The locations where I shoot make up a large portion of the final photograph, and so have a major impact on the atmosphere of the image. Usually I work in moody landscapes and abandoned interiors. These locations I find compelling on many levels—I like the smells and textures as well as the feeling of time passing, of history and entropy and decay. I wasn’t conscious of it at the time I was making them, but I was also connecting with part of myself in these places—in childhood I felt left behind and forgotten. These spaces are a metaphor for me. I tune in to the mood of the locations that I shoot in by spending time there, and I alter them as a way of connecting with the place, and by extension the world around me. This interaction marks the space as mine, anything from leaning a few boards in a corner of a room to building a whole installation there. I also remove garbage to make the locations look more timeless. These buildings often have a churchlike atmosphere, like a space that has died. The vaulted warehouse ceilings have become still and quiet, the activity and energy they were built to house has moved on. This is the perfect atmosphere for enacting ritual. In the case of my photographs, a living person rises like a phoenix from the rubble against the backdrop of a building that is in the process of falling into ruin.

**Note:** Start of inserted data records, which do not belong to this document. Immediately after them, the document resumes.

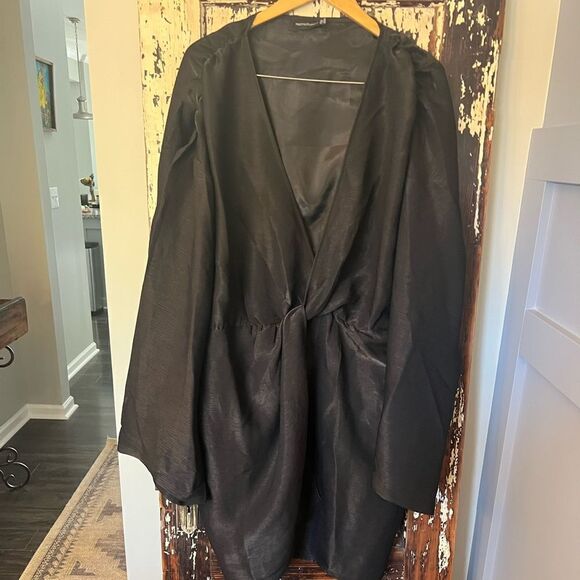 NWT Pretty Little Thing Plus Black Glitter Twist Front Wrap Shift Dress. Size 18 - Picture 1 of 12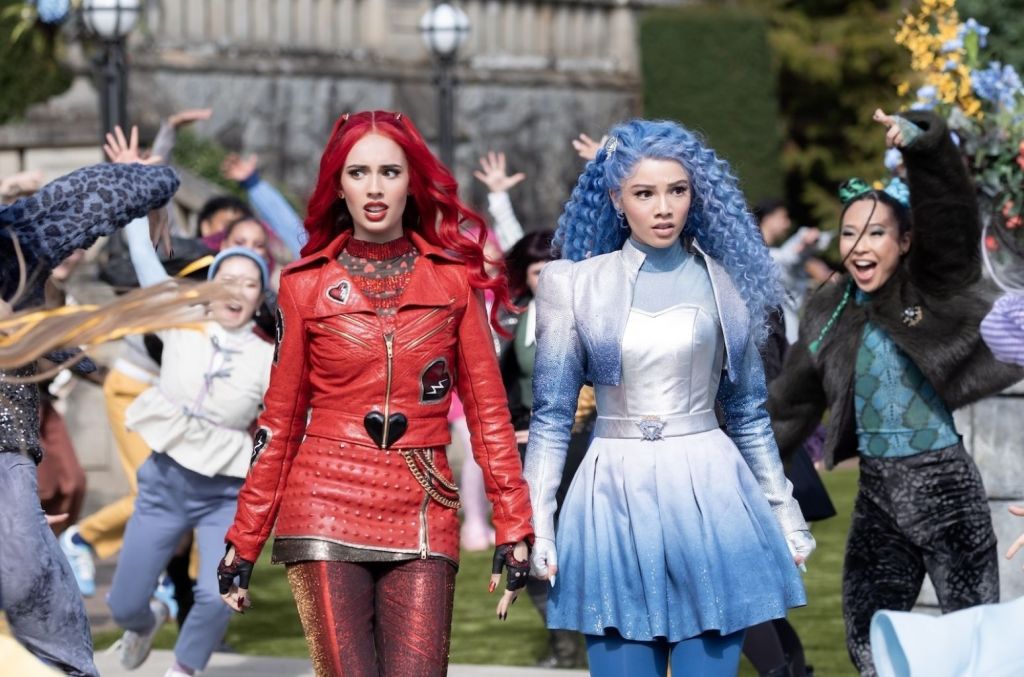 ‘Descendants: Wicked Wonderland’ Debuts at No. 1 on Kid Albums Chart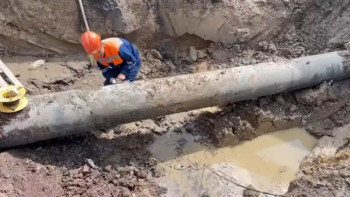 Фотография к новости: Қарағандының су магистралінде апат. Бірнеше шағын аудан ауыз сусыз отыр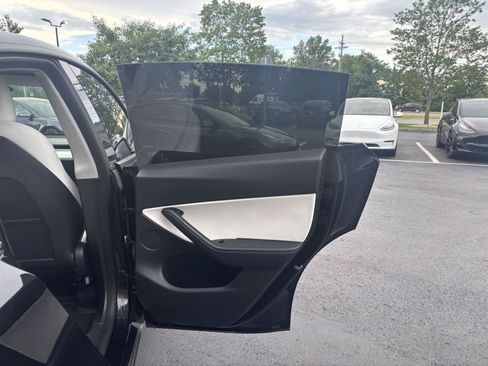 Used 2022 Tesla Model Y Performance AWD/4WD image 18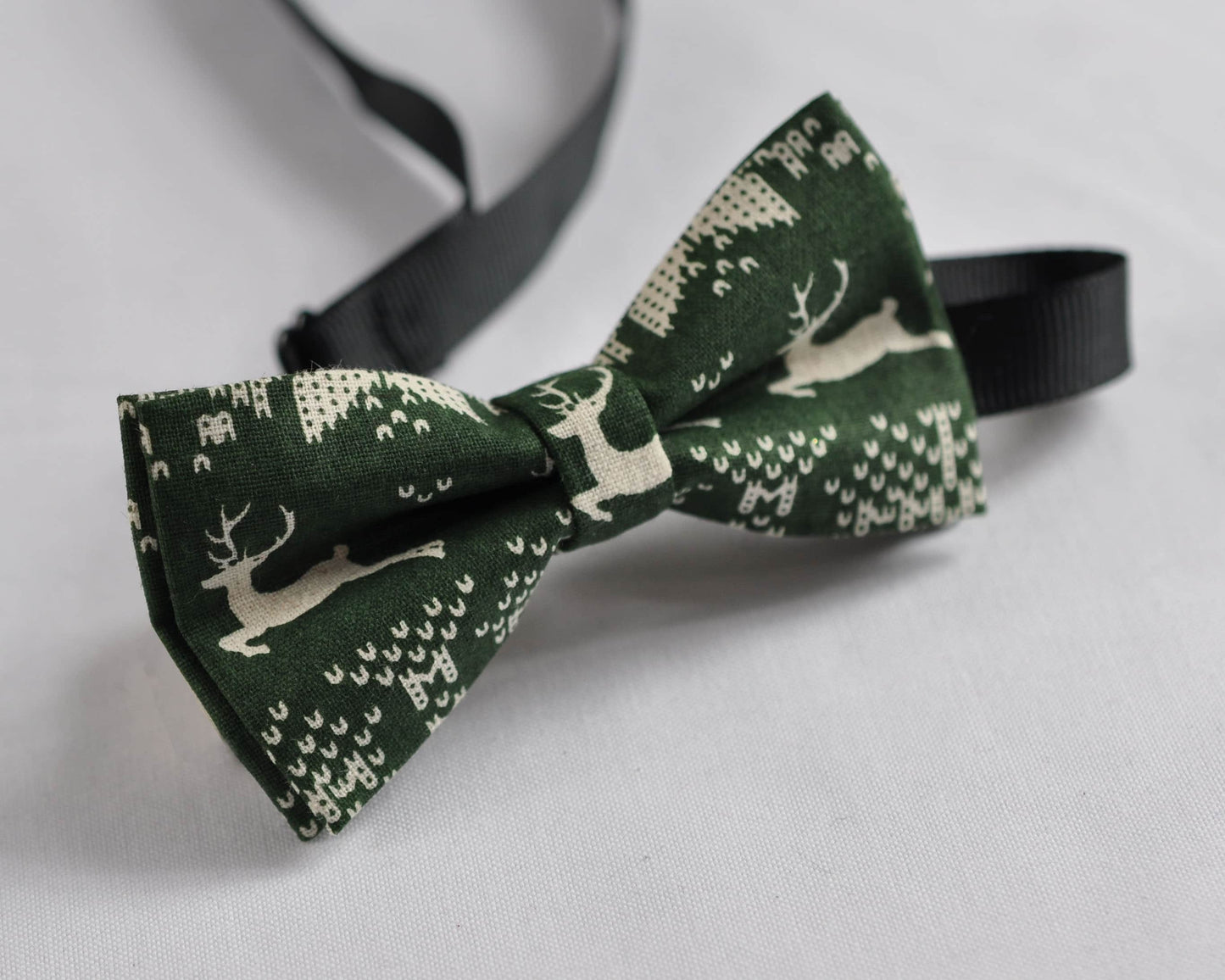 Xmas Christmas Deer Elks ELK Green Bow Tie Bowtie + Emerald Green Elastic Suspender Braces for Men / Youth Teenage / Kids Boy / Infant Baby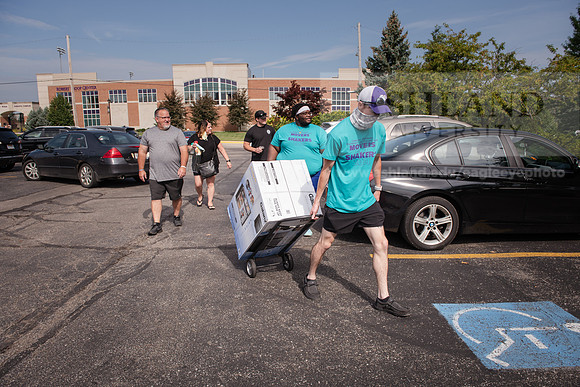 MoveInDay10821ALW_3103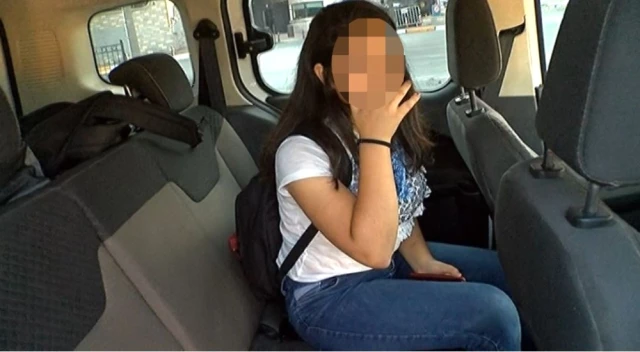 Beyoğlu'nda Genç Kızın Ağzını Kapatarak Yere Yatıran Sapık, Kıskıvrak Yakalandı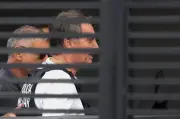 STF investiga apreensão de pistola de Bolsonaro e decide sobre prisão domiciliar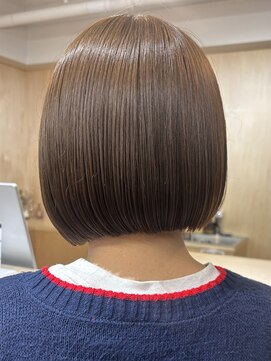 フルリール(fleurir) ミニボブ/ボブ/切りっぱなしボブ/ベージュ/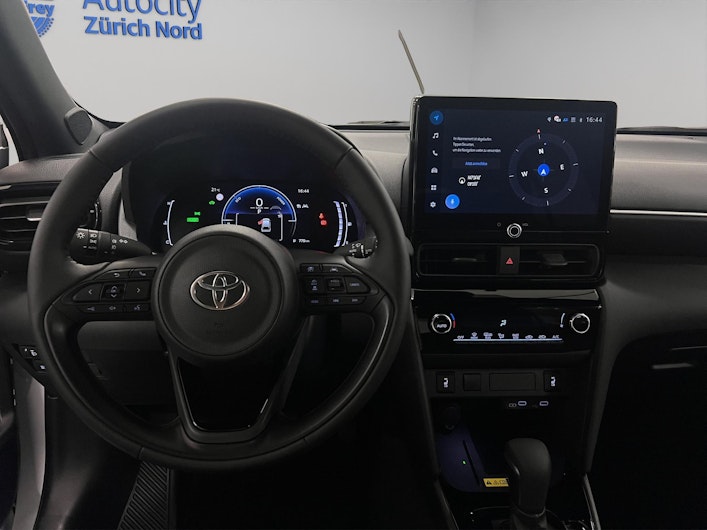 Vehicle image TOYOTA YARIS CROSS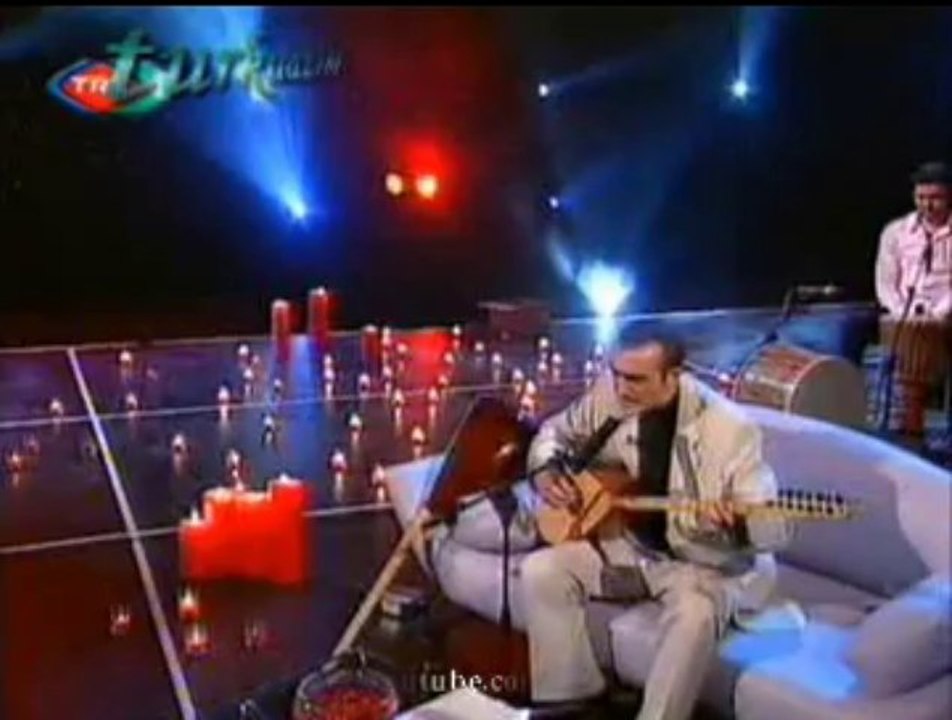 Cengiz ÖZKAN-Bir Ay Doğar İlk Akşamdan Geceden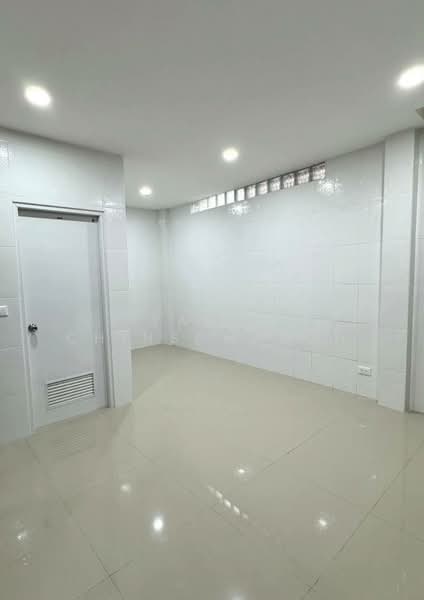 ทาวน์เฮ้าส์ 2-ห้องนอน, กรุงเทพ, พระโขนงเหนือ, วัฒนา, กรุงเทพ, 140 ตร.ม., ทาวน์เฮ้าส์ ให้เช่า, โดย Tarit Chinsomboon, 500481272 - DDproperty.com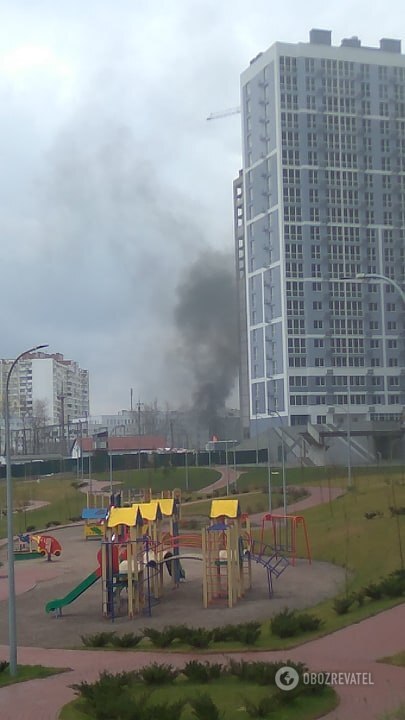 В Киеве после взрыва загорелась электростанция: фото и видео с места ЧП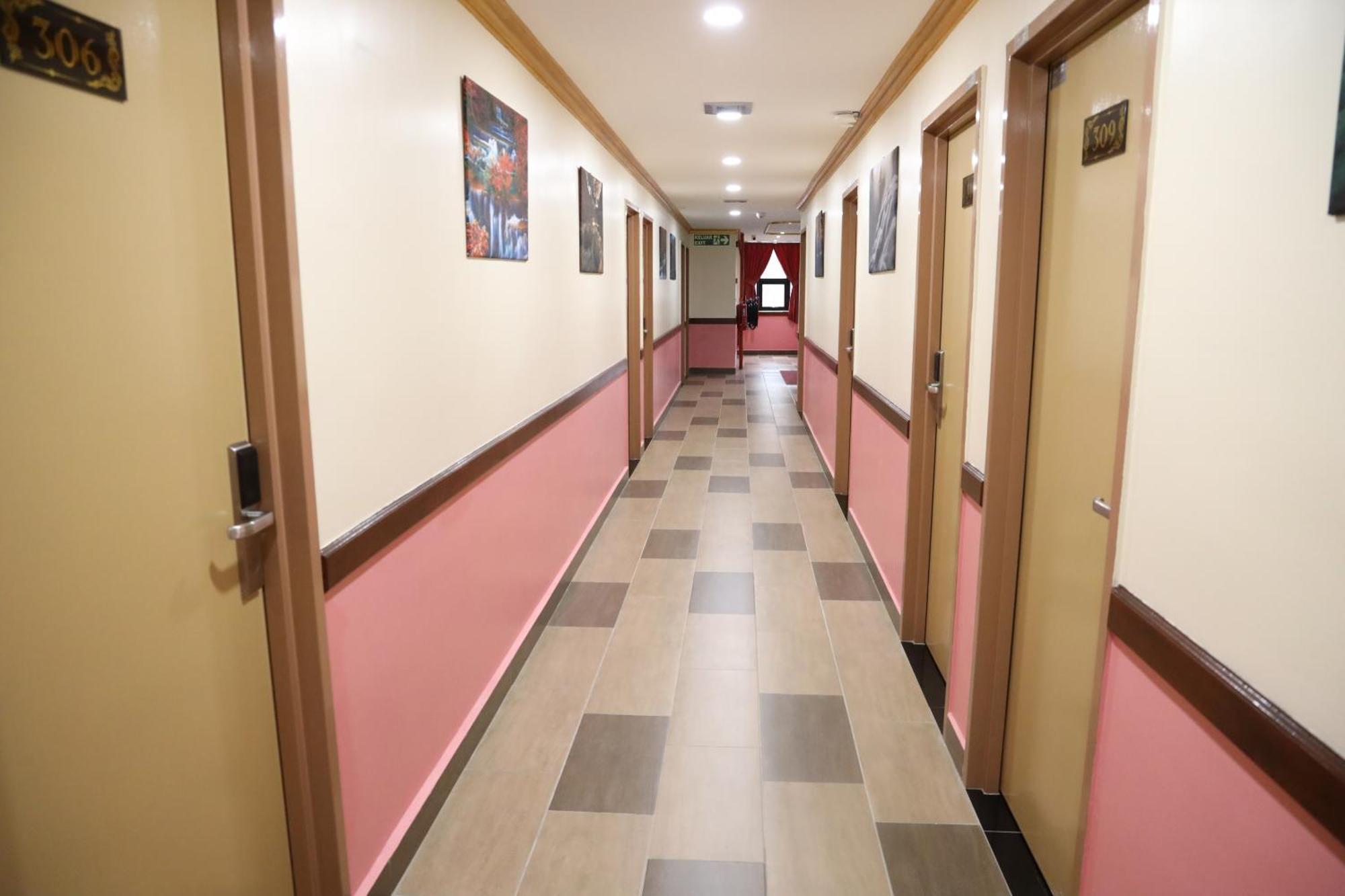 Capital O 90897 Island City Hotel Джордж Таун Екстериор снимка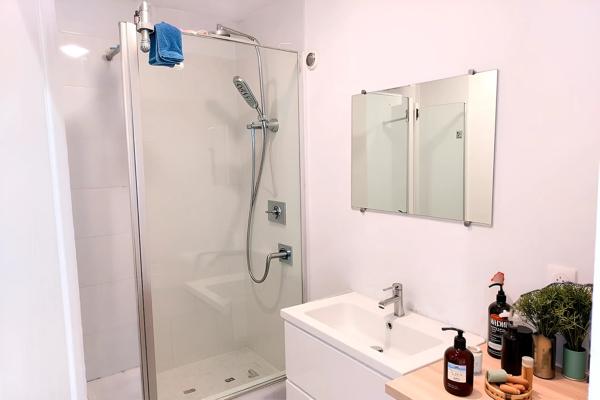 Appartement t5 dernier étage - terrasses - caves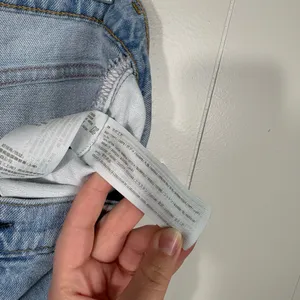 Abercrombie & Fitch The 90s Straight Ultra High Rise Distressed Light Wash Jeans thumbnail 9
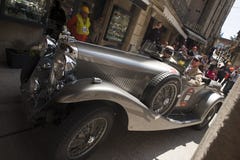 винтажная гоночная машина на miglia mille стоковые фотографии rf винтажная гоночная машина на miglia mille стоковые фотографии rf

Photography is the perfect medium for suggesting narrative because photographs are always out of context. The viewer is asked to weave the story of what happened before and after the picture was taken. I think this medium is also perfect for inciting fantasy because most people believe in photographs in a way that they wouldn’t have to if the images were paintings; black and white photography works well because it is one step removed from our everyday experience. In my work, each image evokes a story, but there is also an overall narrative of struggle, tension, patience, and loss when I am indoors; and flying, freedom, and movement when I am in the landscape. As a group, these images show a passage out of darkness into light. I have burned through a great deal of emotion to find peace.

When I was a child and things around me became too painful, I would run away into worlds I had invented where I could be safe and free. In the self-portraits I see myself transcending daily life, my upbringing, even the constraints of living in a physical body. I have a very symbiotic relationship with the person I become in my photographs. She has characteristics I want, and she has led me in some interesting directions. I began collecting antique clothing to wear in my photographs and ended up wearing it in real life. When I could not identify with anyone around me, she helped me build a self from scratch using myths, literature, and daydreams as source material. In some ways, I feel that I have come full circle with this body of work: I wanted to make a beautiful picture of myself, make many copies, and try to use it to draw people toward me. As it has worked out, I have met many of my close friends through my work. As Alice says in Jan Svankmajer’s film of the same name, “I think it worked quite well, though not entirely as I’d expected.